Assim, com a admiração unânime dos
povos e aplauso geral da nação, Delfim Netto poderá ser novamente alçado a um ministério. Desta vez, num
governo presidido pelo PT.
A eventualidade dessa nomeação
suscitou alguns sarcasmos e perplexidades. Fernando Henrique, após classificar Delfim Netto de "algoz da ditadura", ironizou a nova amizade entre
o ex-ministro e Lula. Mas suas palavras fariam mais sentido se ele próprio não tivesse nomeado Pratini de
Moraes -também integrante do governo do sinistro ditador Médici- no
seu segundo mandato na Presidência
e não tivesse introduzido Jarbas Passarinho, também estadista do AI-5,
no conselho político de sua campanha de reeleição, em 1998.
Quanto às perplexidades externadas por uns poucos incautos, a resposta veio do senador Eduardo Suplicy. Declarando que a presença de
Delfim Netto no próximo governo é
plausível e até "positiva", Suplicy
completou, num discurso recente no
Senado: "Certamente, Antonio Delfim Netto tem uma visão crítica de tudo aquilo que se passou ao longo dos
anos da ditadura militar".
O senador Suplicy é sabidamente
um homem de boa-fé.
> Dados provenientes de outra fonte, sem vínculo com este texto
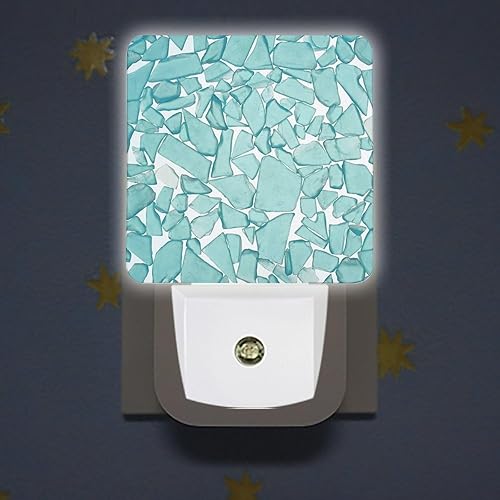 Miniatura 3 de Luces nocturnas divertidas con estampado náutico de cristal de mar verde azulado enchufar en pared sensor pasillo cocina brillante decoración del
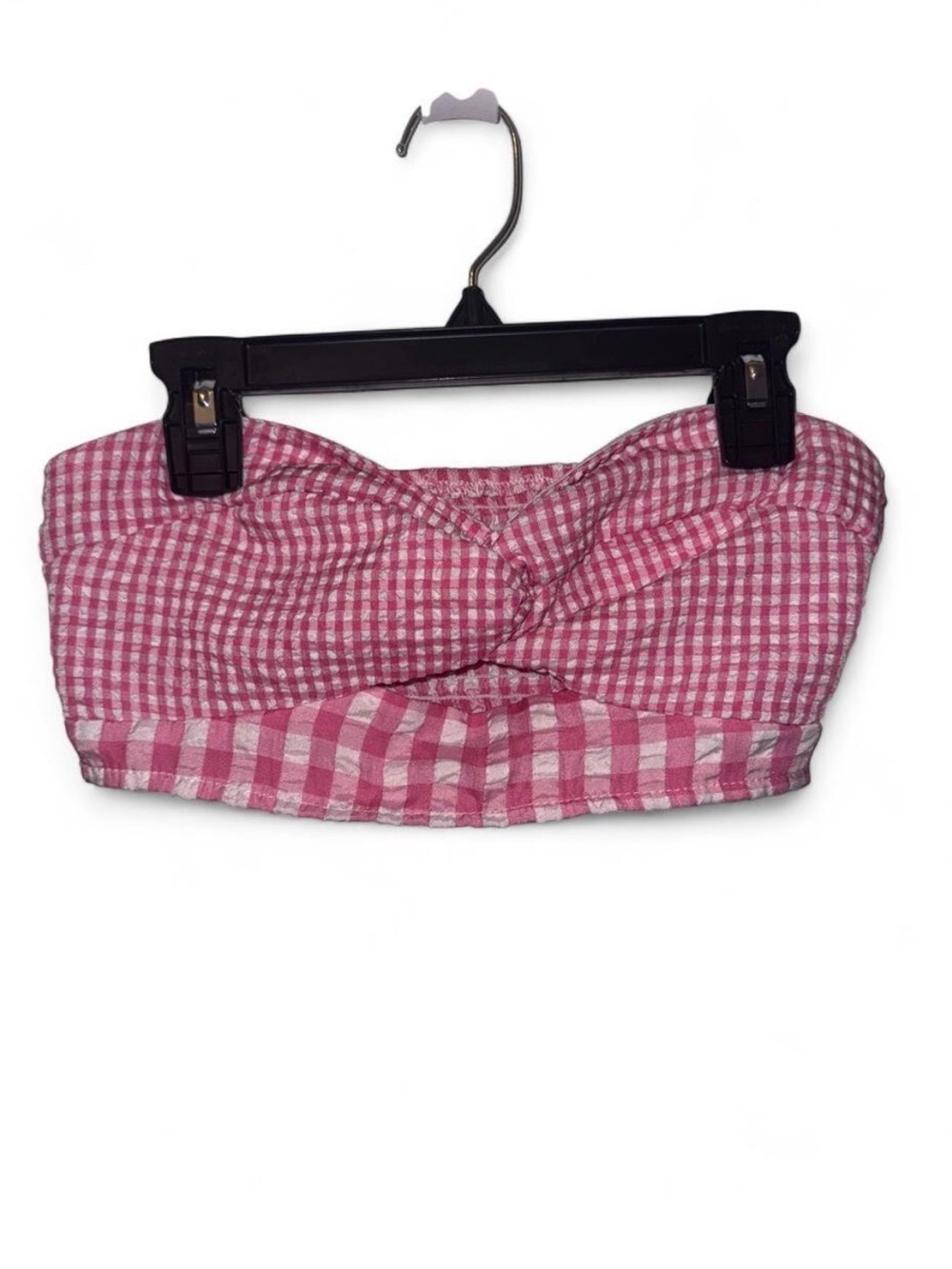 SET: SHEIN Pink Gingham Twist Bandeau Top & Skirt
Aliás, o advérbio "certamente" introduz a noção de
probabilidade, mas não de certeza,
condicionando sua frase.
A prudência, de fato, se impõe. Na
circunstância, não se conhece declaração pública de Delfim Netto que
sustente semelhante "visão crítica".
Não há registro de alguma divulgação
em que o ex-ministro tenha emitido
juízo negativo sobre os dois monstrengos que ajudou convictamente a
parir: o Ato Institucional nš 5 e a
Oban [Operação Bandeirantes, organização paramilitar de repressão
criada em 1969 que se transformou
em órgão de tortura]. Muito pelo contrário. Em várias ocasiões, o ex-ministro tem reiterado sua defesa do arbítrio da ditadura. Num depoimento
incluído nos volumes sobre o golpe de
1964 editados em 2003 pela Biblioteca do Exército, o ex-ministro exprime
sua interpretação autoritária sobre
nossa história recente, tratando com
menoscabo a oposição à ditadura.
Na sua recente campanha fracassada a deputado federal pelo PMDB -o
partido de Ulysses Guimarães-, Delfim Netto fez passear, pelo bairro
paulistano dos Jardins, ciclistas arvorando seu indefectível slogan: "Delfim, eu era feliz e não sabia!". Na altura em que a direita brasileira punha a
mão no peito e bradava compungida
que "o fim não justifica os meios",
Delfim Netto difundia seu slogan anti-republicano, anticonstitucional,
fazendo apologia da ditadura e do
AI-5. Mais uma vez se verifica o adágio de Oscar Wilde: "Quem fala a verdade sempre é descoberto!".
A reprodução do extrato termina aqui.